*** DATASET CONTENT Section Begins ***

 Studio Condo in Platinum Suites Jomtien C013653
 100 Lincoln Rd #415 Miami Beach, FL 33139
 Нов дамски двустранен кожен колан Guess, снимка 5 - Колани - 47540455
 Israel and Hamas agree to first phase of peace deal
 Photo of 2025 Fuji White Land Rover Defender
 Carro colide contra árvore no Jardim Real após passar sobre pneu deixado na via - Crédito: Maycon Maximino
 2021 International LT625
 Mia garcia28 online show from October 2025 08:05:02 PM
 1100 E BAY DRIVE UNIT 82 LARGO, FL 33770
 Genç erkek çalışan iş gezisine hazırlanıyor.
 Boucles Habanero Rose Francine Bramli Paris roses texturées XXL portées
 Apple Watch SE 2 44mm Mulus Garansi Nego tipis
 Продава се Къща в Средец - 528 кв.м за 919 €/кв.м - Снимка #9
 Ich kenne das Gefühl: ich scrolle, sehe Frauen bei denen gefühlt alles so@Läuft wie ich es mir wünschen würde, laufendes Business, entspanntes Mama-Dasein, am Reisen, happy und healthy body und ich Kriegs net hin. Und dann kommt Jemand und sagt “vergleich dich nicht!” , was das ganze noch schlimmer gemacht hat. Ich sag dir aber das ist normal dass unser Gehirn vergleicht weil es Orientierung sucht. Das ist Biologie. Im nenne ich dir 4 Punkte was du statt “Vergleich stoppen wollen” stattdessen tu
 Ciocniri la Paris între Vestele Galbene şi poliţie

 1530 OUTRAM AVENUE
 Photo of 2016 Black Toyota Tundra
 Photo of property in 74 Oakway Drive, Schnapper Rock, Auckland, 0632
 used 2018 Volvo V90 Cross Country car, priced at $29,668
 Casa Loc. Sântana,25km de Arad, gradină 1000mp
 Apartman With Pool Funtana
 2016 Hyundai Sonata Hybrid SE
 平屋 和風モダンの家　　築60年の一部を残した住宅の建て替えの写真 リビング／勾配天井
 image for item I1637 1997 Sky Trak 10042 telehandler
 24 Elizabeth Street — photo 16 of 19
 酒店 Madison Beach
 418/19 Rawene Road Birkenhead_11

*** DATASET CONTENT Section Ends ***

## THE PROBLEM
Every line of the entries that includes "Beach" must be copied into the answer.

## WRITTEN REPLY
 100 Lincoln Rd #415 Miami Beach, FL 33139
 酒店 Madison Beach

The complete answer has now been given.